Matthew Brett matthew.brett at gmail.com
Mon Jan 14 10:35:49 EST 2013


Hi,

On Mon, Jan 14, 2013 at 9:02 AM, Dave Hirschfeld
<dave.hirschfeld at gmail.com> wrote:
> Robert Kern <robert.kern <at> gmail.com> writes:
>
>>
>> >>> >
>> >>> > One alternative that does not expand the API with two-liners is to let
>> >>> > the ndarray.fill() method return self:
>> >>> >
>> >>> >   a = np.empty(...).fill(20.0)
>> >>>
>> >>> This violates the convention that in-place operations never return
>> >>> self, to avoid confusion with out-of-place operations. E.g.
>> >>> ndarray.resize() versus ndarray.reshape(), ndarray.sort() versus
>> >>> np.sort(), and in the broader Python world, list.sort() versus
>> >>> sorted(), list.reverse() versus reversed(). (This was an explicit
>> >>> reason given for list.sort to not return self, even.)
>> >>>
>> >>> Maybe enabling this idiom is a good enough reason to break the
>> >>> convention ("Special cases aren't special enough to break the rules. /
>> >>> Although practicality beats purity"), but it at least makes me -0 on
>> >>> this...
>> >>>
>> >>
>> >> I tend to agree with the notion that inplace operations shouldn't return
>> >> self, but I don't know if it's just because I've been conditioned this way.
>> >> Not returning self breaks the fluid interface pattern [1], as noted in a
>> >> similar discussion on pandas [2], FWIW, though there's likely some way to
>> >> have both worlds.
>> >
>> > Ah-hah, here's the email where Guide officially proclaims that there
>> > shall be no "fluent interface" nonsense applied to in-place operators
>> > in Python, because it hurts readability (at least for Dutch people
>> > ):
>> >   http://mail.python.org/pipermail/python-dev/2003-October/038855.html
>>
>> That's a statement about the policy for the stdlib, and just one
>> person's opinion.
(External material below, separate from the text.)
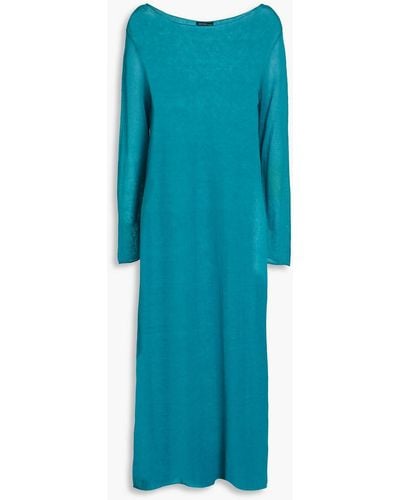 James Perse Linen-blend Midi Dress - Blue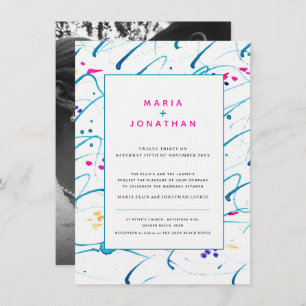 Invitation Abstrait art tropical vagues aqua rose mariage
You, and numpy, are permitted to have a different
>> opinion.
>>
>> In any case, I'm not strongly advocating for it. It's violation of
>> principle ("no fluent interfaces") is roughly in the same ballpark as
>> np.filled() ("not every two-liner needs its own function"), so I
>> thought I would toss it out there for consideration.
>>
>> --
>> Robert Kern
>>
>
> FWIW I'm +1 on the idea. Perhaps because I just don't see many practical
> downsides to breaking the convention but I regularly see a big issue with there
> being no way to instantiate an array with a particular value.
>
> The one obvious way to do it is use ones and multiply by the value you want. I
> work with a lot of inexperienced programmers and I see this idiom all the time.
> It takes a fair amount of numpy knowledge to know that you should do it in two
> lines by using empty and setting a slice.
>
> In [1]: %timeit NaN*ones(10000)
> 1000 loops, best of 3: 1.74 ms per loop
>
> In [2]: %%timeit
>    ...: x = empty(10000, dtype=float)
>    ...: x[:] = NaN
>    ...:
> 10000 loops, best of 3: 28 us per loop
>
> In [3]: 1.74e-3/28e-6
> Out[3]: 62.142857142857146
>
>
> Even when not in the mythical "tight loop" setting an array to one and then
> multiplying uses up a lot of cycles - it's nearly 2 orders of magnitude slower
> than what we know they *should* be doing.
>
> I'm agnostic as to whether fill should be modified or new functions provided but
> I think numpy is currently missing this functionality and that providing it
> would save a lot of new users from shooting themselves in the foot performance-
> wise.

Is this a fair summary?

=> fill(shape, val), fill_like(arr, val) - new functions, as proposed
For: readable, seems to fit a pattern often used, presence in
namespace may clue people into using the 'fill' rather than * val or +
val
Con: a very simple alias for a = ones(shape) ; a.fill(val), maybe
cluttering already full namespace.

=> empty(shape).fill(val) - by allowing return value from arr.fill(val)
For: readable
Con: breaks guideline not to return anything from in-place operations,
no presence in namespace means users may not find this pattern.

=> no new API
For : easy maintenance
Con : harder for users to discover fill pattern, filling a new array
requires two lines instead of one.

So maybe the decision rests on:

How important is it that users see these function names in the
namespace in order to discover the pattern "a = ones(shape) ;
a.fill(val)"?

How important is it to obey guidelines for no-return-from-in-place?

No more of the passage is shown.